**ABOUT THIS EXERCISE:** Leaving out the pictures, retype the lines from the beginning of the listing through the line containing "Lili joined the".

── RECORDED INFORMATION ──

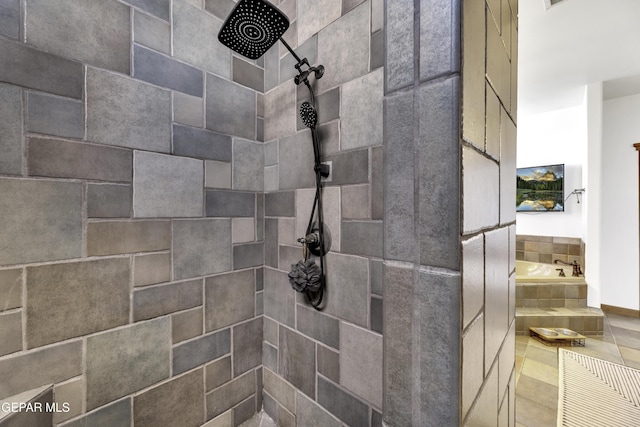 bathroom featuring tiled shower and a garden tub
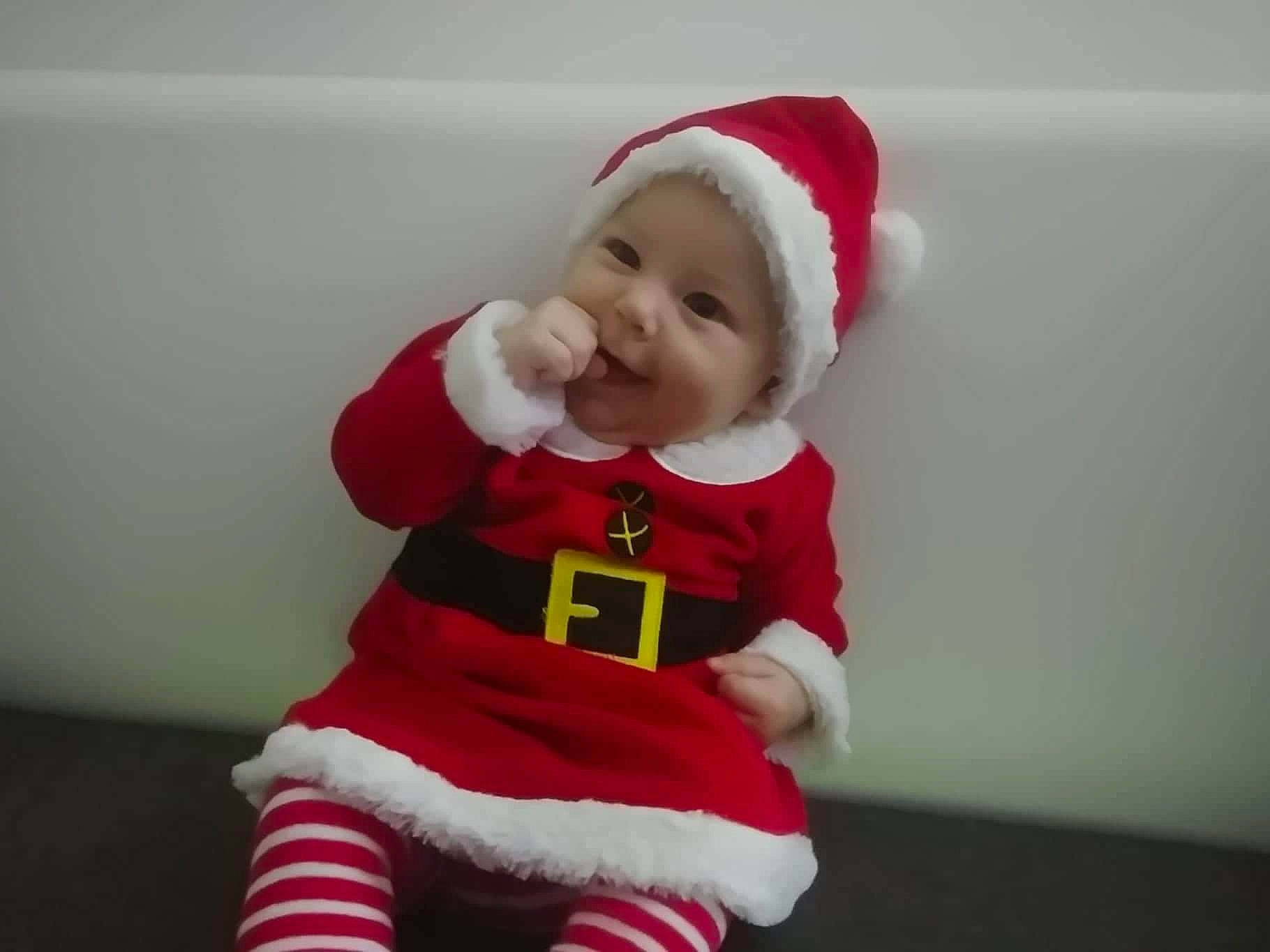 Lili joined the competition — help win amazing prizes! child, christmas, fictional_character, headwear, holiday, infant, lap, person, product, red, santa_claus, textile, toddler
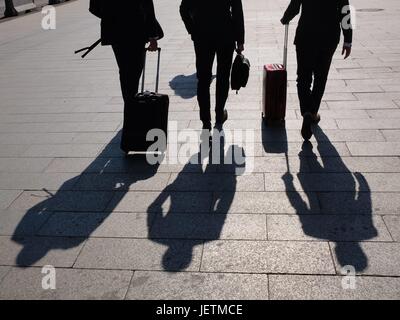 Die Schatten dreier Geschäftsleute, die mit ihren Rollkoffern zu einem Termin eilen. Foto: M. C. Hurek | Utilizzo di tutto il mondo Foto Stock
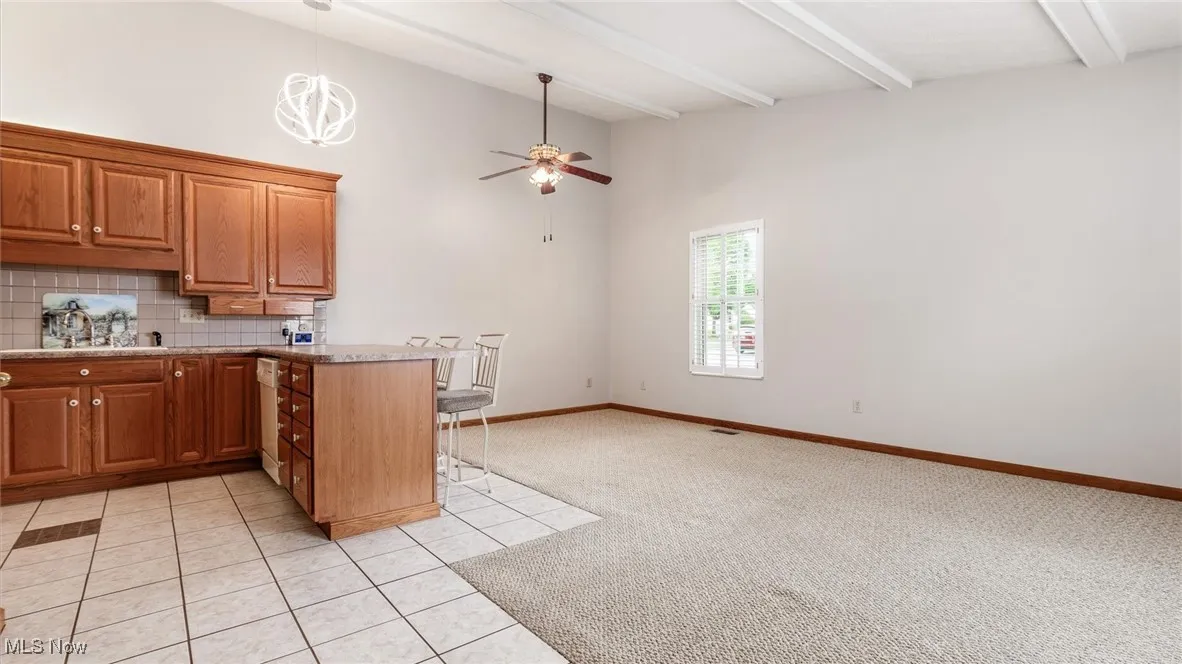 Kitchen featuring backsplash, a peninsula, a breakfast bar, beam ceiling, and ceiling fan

───

**YOUR SOLUTION:**
 bathroom featuring tiled shower and a garden tub
 Lili joined the competition — help win amazing prizes! child, christmas, fictional_character, headwear, holiday, infant, lap, person, product, red, santa_claus, textile, toddler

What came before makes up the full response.